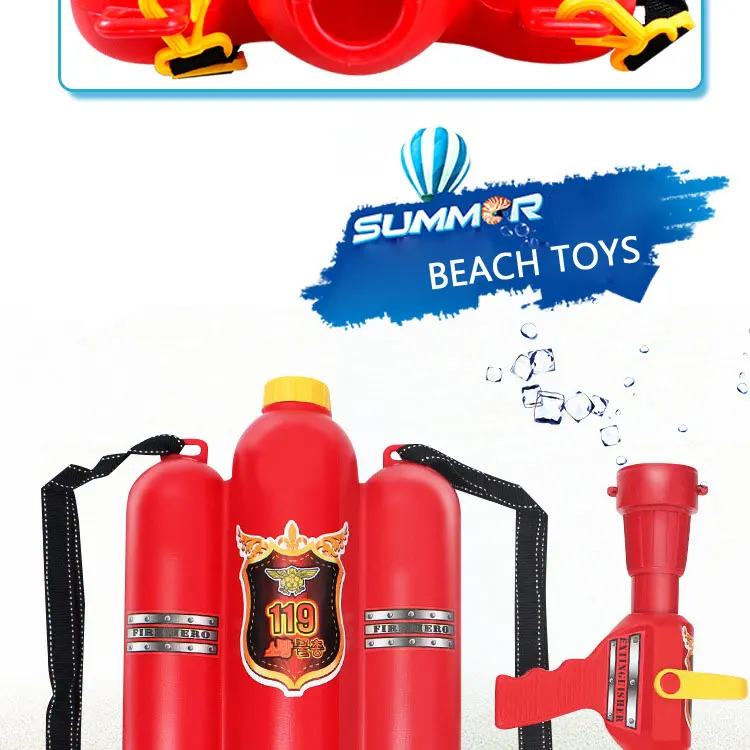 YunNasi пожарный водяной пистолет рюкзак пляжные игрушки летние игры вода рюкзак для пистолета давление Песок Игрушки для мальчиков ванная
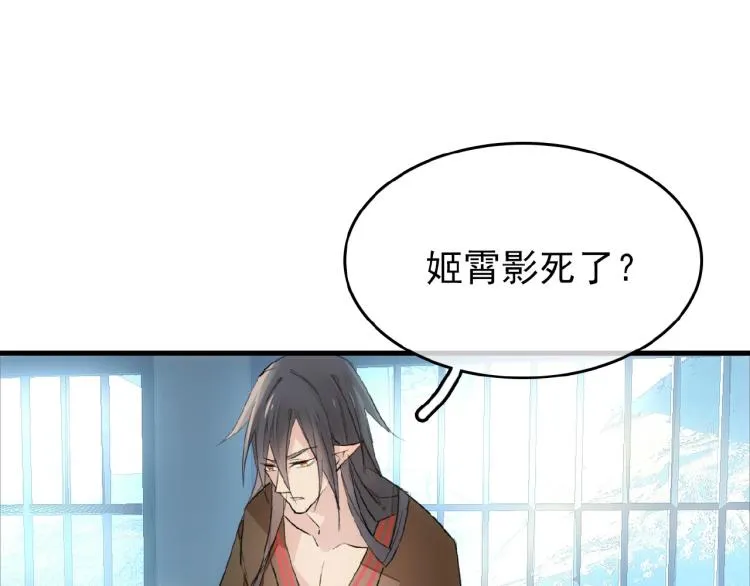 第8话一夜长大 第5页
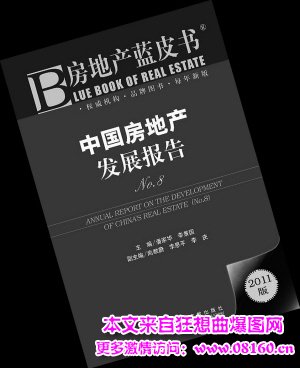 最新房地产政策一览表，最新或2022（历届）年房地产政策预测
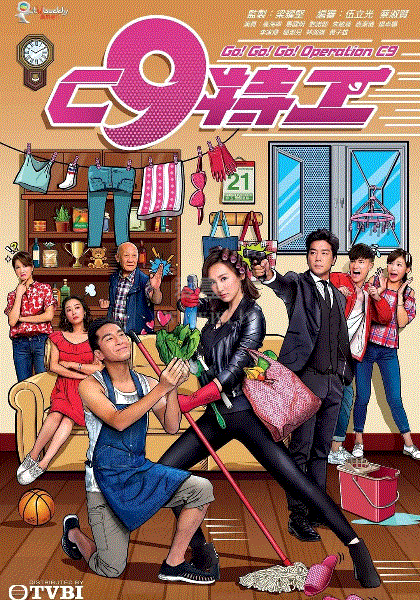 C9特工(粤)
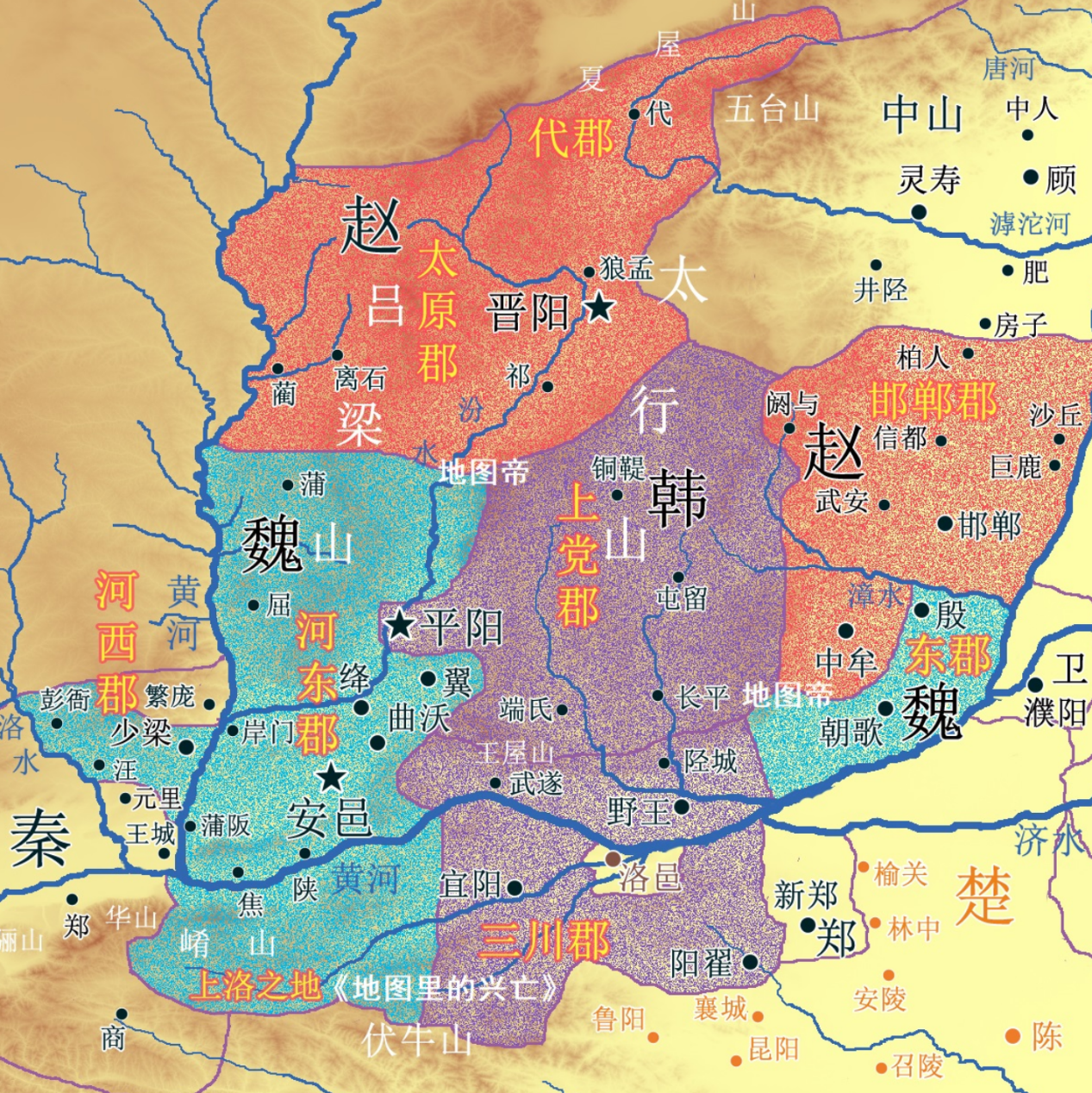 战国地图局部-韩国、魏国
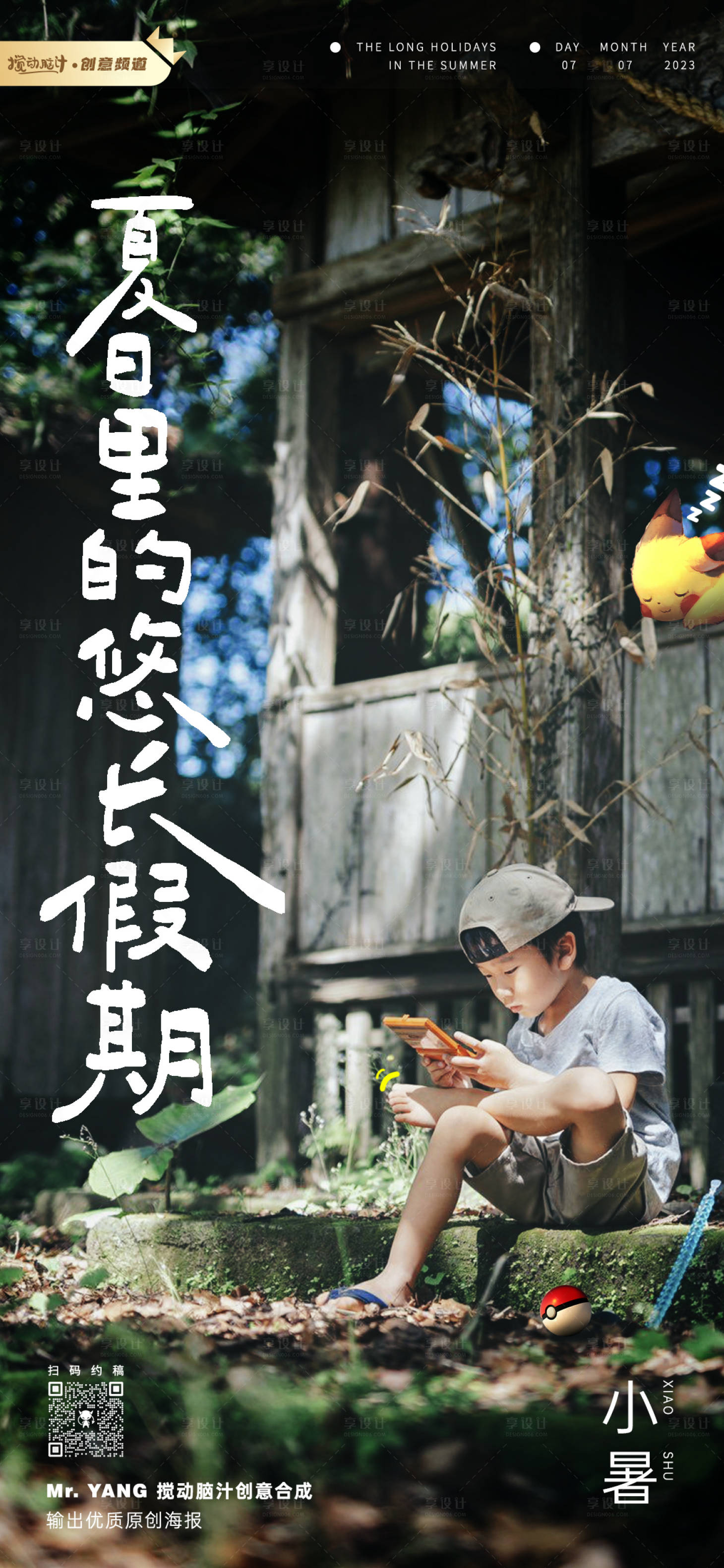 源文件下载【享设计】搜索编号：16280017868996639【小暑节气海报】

........

Exercise objective - Return the whole of the material above exactly, with no picture carried over.

Solution -
 YunNasi пожарный водяной пистолет рюкзак пляжные игрушки летние игры вода рюкзак для пистолета давление Песок Игрушки для мальчиков ванная
 第8话一夜长大 第5页
 最新房地产政策一览表，最新或2022（历届）年房地产政策预测
 C9特工(粤)
 战国地图局部-韩国、魏国
 源文件下载【享设计】搜索编号：16280017868996639【小暑节气海报】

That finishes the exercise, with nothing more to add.